## Exercise instructions
Every line in the data below from the one containing "CHARCHIT - Boys" down to the one containing "DUNST White Striped Polo Shirt for men", both included, must be retyped exactly; no other line is to appear.

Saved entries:

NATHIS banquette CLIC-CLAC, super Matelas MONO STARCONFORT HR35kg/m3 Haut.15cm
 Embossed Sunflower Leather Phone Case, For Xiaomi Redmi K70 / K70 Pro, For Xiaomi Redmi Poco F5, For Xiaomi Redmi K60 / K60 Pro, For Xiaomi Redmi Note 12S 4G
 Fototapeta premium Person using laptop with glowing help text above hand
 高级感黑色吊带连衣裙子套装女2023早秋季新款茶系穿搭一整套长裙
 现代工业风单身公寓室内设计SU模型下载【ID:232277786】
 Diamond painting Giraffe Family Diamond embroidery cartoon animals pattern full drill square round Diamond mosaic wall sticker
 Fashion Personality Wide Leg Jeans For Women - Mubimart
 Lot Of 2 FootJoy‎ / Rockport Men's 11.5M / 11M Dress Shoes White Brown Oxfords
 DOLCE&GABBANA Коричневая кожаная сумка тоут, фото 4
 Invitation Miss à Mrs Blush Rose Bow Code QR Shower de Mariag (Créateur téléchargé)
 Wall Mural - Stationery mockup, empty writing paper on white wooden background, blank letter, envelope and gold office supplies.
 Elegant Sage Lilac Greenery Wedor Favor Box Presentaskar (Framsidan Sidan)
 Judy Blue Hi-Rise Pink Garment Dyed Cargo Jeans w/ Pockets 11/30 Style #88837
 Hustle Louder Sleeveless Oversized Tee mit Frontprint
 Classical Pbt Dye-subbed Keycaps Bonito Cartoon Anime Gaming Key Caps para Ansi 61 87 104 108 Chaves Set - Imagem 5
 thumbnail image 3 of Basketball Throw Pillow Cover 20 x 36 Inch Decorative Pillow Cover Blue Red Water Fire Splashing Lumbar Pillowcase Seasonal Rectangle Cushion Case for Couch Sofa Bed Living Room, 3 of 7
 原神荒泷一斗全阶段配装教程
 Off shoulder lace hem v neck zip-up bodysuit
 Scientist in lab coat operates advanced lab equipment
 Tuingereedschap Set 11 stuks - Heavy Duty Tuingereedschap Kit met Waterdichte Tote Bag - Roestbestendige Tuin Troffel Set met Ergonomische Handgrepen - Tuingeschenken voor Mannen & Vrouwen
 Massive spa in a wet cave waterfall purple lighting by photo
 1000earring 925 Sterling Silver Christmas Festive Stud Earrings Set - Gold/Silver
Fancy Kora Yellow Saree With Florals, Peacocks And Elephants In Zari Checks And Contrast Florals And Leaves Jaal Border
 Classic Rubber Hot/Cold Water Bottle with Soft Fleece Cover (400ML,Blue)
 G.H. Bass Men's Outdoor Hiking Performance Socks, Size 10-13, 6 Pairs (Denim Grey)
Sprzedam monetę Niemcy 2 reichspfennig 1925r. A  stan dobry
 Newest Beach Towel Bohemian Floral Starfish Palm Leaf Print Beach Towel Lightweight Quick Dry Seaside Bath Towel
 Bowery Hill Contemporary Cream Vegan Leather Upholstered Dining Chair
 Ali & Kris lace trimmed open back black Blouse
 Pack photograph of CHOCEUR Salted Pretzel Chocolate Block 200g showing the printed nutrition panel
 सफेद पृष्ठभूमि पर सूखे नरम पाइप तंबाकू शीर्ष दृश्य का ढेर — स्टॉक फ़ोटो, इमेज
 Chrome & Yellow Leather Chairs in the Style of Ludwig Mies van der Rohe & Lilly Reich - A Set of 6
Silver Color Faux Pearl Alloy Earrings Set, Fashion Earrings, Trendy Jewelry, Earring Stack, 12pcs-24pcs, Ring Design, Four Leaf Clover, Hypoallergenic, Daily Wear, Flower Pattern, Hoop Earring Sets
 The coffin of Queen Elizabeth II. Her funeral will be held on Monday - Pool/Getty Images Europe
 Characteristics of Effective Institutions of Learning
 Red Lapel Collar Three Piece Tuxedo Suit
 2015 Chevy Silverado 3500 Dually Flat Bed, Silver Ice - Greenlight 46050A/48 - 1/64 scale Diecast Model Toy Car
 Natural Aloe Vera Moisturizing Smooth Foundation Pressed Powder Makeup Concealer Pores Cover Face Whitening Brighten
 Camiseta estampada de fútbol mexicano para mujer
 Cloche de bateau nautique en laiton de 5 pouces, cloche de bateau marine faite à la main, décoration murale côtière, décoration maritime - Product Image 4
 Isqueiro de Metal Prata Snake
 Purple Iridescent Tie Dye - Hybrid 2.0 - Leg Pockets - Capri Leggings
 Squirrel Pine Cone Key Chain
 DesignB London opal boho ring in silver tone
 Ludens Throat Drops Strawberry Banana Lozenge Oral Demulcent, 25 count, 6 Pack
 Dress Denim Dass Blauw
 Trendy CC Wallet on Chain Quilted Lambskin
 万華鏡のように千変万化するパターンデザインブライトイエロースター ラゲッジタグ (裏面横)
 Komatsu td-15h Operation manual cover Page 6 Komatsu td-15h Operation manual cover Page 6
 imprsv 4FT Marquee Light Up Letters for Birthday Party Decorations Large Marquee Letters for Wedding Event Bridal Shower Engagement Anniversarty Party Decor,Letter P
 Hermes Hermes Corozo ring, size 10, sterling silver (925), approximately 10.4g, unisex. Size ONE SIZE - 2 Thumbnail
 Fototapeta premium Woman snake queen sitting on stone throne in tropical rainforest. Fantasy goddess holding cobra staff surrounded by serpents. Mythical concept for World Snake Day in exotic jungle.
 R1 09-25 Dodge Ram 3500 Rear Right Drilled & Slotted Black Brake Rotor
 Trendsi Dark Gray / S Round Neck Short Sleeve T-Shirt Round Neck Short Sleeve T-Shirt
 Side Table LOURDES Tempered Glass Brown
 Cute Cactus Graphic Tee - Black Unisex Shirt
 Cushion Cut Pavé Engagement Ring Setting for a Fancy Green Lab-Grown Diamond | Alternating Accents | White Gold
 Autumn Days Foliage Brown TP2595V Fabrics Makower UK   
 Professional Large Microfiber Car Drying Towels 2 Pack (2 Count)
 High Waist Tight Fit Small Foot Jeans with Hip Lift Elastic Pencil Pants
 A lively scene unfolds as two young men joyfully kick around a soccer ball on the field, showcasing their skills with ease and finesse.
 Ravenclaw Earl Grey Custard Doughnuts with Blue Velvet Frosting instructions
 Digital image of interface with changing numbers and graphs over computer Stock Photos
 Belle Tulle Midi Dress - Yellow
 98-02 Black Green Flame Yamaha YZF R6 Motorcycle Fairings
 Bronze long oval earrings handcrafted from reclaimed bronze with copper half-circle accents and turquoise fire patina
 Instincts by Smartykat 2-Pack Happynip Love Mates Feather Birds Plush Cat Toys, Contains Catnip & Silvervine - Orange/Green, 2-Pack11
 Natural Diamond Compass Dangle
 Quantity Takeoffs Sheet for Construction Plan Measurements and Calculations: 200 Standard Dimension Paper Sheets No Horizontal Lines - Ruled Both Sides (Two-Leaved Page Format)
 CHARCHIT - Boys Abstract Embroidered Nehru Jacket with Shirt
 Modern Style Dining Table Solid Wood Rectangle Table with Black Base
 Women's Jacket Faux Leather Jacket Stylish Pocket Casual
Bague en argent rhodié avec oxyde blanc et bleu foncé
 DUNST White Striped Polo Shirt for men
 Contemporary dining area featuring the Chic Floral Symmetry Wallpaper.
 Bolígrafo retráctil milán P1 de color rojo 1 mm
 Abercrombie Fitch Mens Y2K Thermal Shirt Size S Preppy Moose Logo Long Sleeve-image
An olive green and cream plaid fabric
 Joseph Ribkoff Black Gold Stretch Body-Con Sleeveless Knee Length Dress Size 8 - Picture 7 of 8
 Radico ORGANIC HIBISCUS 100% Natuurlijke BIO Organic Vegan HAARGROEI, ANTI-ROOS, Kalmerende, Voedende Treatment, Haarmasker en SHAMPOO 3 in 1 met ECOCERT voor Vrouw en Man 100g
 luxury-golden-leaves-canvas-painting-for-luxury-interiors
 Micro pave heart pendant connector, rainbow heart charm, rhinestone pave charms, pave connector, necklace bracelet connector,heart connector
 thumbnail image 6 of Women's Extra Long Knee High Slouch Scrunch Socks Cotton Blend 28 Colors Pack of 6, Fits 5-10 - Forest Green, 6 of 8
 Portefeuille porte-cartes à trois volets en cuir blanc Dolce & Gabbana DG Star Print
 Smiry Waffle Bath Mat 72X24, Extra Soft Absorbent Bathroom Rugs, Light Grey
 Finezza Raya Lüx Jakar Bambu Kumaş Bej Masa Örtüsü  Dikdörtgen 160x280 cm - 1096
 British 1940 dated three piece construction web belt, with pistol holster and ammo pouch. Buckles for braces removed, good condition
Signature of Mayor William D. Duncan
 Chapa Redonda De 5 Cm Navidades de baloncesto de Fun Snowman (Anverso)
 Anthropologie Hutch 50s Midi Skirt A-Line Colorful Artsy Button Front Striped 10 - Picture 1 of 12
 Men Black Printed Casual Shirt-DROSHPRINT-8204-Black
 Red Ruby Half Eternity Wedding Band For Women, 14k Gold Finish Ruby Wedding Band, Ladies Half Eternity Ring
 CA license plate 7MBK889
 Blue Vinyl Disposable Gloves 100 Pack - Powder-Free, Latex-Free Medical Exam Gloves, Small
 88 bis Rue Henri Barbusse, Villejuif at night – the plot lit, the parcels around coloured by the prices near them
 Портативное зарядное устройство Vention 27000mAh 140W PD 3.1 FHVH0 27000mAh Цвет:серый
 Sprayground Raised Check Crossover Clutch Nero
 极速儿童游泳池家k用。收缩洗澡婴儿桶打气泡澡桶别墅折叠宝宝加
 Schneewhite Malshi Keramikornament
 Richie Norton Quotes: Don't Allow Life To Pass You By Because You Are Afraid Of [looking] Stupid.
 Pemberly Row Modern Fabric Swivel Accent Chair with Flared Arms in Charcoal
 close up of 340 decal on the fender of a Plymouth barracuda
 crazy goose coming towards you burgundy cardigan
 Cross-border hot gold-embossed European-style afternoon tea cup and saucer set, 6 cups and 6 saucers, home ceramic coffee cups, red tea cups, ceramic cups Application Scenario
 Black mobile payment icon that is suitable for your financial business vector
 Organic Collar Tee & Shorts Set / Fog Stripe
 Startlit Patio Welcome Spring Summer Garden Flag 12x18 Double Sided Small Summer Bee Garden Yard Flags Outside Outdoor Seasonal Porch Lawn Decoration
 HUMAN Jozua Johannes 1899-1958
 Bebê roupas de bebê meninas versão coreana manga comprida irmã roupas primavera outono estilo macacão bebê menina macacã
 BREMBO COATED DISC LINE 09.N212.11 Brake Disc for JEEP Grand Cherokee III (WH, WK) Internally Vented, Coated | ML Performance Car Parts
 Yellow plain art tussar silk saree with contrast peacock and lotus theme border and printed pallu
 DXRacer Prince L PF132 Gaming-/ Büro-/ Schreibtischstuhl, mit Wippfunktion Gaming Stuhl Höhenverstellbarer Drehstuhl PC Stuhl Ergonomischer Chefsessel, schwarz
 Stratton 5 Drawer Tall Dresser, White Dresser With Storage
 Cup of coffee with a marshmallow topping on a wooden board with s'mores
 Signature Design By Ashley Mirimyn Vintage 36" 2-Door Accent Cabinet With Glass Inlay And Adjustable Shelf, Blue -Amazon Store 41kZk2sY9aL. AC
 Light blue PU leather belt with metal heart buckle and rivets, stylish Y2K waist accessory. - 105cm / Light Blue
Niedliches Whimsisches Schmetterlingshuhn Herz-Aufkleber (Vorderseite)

## Exercise solution
 CHARCHIT - Boys Abstract Embroidered Nehru Jacket with Shirt
 Modern Style Dining Table Solid Wood Rectangle Table with Black Base
 Women's Jacket Faux Leather Jacket Stylish Pocket Casual
Bague en argent rhodié avec oxyde blanc et bleu foncé
 DUNST White Striped Polo Shirt for men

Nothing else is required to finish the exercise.